Ecuador high court upholds Chevron verdict, halves fine

Reuters | 13 November 2013

Ecuador high court upholds Chevron verdict, halves fine

by Alexandra Valencia

QUITO (Reuters) - Ecuador’s highest court upheld a verdict that U.S. oil company Chevron Corp (CVX.N) is responsible for pollution in an Amazon rainforest, but halved the fine imposed in a previous trial to $9.5 billion, a decision the company dismissed as illegitimate.

Chevron took the case to the National Court of Justice after a lower court deemed in 2011 that Chevron was responsible for pollution caused by U.S. oil company Texaco, which operated there between 1964 and 1992, and whose assets Chevron bought in 2001.

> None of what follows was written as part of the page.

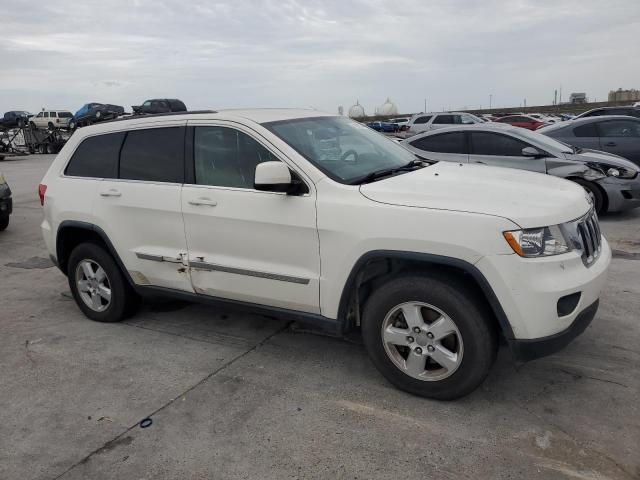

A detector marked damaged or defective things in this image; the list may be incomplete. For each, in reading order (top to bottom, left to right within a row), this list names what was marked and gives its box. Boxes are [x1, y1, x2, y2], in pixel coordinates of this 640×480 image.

pavement crack [52, 318, 292, 480]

The judge in the 2011 ruling ordered the company to pay $9.5 billion plus an additional $9.5 billion for refusing to publicly apologize for the pollution.

The National Court of Justice on Tuesday determined there had been no legal basis to sanction Chevron for not apologizing.

Villagers in the Lago Agrio region say the pollution has harmed their health. Chevron counters that Texaco cleaned up the area before handing it over to Ecuador’s state oil company, Petroecuador, which Chevron says bears responsibility.

Chevron spokesman James Craig said the decision against the company, confirmed by the National Court of Justice late on Tuesday, was “illegitimate and inapplicable.”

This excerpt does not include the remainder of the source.